Exercise goal: Search the material for the word "Package" and copy every line in which it occurs.

Data provided:
============================================================

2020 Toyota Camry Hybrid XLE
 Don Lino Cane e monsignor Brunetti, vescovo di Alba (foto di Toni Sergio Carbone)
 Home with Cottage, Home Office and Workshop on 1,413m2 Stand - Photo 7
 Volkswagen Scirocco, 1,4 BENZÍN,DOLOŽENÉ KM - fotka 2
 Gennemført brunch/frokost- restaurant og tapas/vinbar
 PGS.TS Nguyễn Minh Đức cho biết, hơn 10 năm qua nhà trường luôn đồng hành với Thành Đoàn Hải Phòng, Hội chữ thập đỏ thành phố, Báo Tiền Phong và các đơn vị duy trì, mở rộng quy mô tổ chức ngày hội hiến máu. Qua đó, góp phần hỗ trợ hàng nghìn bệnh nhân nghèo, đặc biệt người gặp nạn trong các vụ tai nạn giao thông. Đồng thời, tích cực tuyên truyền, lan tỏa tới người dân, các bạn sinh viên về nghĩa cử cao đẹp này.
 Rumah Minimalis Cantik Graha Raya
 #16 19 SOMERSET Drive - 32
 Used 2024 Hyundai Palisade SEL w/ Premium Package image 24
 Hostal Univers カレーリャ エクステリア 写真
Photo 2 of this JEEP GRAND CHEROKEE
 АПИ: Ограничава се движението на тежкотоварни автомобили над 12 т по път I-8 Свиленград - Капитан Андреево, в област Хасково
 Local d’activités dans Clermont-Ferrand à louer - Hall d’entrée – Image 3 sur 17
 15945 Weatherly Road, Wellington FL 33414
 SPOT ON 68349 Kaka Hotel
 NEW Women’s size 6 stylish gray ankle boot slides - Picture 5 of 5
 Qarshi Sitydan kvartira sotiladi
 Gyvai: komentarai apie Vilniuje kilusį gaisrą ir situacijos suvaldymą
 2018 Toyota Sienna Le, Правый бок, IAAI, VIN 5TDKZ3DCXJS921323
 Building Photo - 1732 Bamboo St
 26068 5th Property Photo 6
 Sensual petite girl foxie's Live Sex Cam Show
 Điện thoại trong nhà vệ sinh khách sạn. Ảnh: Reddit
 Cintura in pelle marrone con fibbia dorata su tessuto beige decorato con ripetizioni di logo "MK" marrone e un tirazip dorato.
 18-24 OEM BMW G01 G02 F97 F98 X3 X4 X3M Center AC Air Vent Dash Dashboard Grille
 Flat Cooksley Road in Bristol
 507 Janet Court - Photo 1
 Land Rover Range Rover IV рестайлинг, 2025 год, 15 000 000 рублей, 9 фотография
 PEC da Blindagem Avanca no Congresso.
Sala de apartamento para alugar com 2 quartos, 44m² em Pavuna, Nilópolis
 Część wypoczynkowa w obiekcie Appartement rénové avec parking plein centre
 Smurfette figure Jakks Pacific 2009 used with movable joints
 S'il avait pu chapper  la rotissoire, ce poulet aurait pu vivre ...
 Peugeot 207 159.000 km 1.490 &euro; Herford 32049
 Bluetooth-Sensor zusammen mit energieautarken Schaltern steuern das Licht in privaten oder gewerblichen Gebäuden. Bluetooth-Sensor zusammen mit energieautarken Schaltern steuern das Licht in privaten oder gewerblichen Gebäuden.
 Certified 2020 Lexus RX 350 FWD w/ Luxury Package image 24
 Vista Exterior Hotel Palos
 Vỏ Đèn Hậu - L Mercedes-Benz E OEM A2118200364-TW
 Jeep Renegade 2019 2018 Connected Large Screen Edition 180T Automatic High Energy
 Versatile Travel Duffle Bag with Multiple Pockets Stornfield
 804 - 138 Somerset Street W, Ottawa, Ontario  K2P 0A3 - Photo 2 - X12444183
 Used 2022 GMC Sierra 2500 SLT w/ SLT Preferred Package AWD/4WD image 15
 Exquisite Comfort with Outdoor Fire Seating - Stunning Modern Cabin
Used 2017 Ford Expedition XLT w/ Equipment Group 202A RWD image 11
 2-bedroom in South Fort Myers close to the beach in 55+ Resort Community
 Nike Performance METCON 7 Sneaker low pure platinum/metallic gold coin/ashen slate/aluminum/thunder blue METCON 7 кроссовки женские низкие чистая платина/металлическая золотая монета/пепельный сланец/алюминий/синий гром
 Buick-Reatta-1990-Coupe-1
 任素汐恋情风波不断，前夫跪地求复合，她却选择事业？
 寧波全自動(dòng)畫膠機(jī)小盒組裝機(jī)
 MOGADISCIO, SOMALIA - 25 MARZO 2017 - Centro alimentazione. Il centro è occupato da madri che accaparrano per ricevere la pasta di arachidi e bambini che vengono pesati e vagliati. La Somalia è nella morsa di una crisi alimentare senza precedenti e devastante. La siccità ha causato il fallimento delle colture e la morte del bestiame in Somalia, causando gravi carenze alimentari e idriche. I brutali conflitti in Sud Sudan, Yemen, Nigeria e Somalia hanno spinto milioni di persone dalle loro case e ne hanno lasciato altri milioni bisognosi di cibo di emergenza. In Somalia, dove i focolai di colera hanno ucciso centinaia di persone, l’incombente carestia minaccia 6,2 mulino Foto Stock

============================================================

Output of the task:
 Used 2024 Hyundai Palisade SEL w/ Premium Package image 24
 Certified 2020 Lexus RX 350 FWD w/ Luxury Package image 24
 Used 2022 GMC Sierra 2500 SLT w/ SLT Preferred Package AWD/4WD image 15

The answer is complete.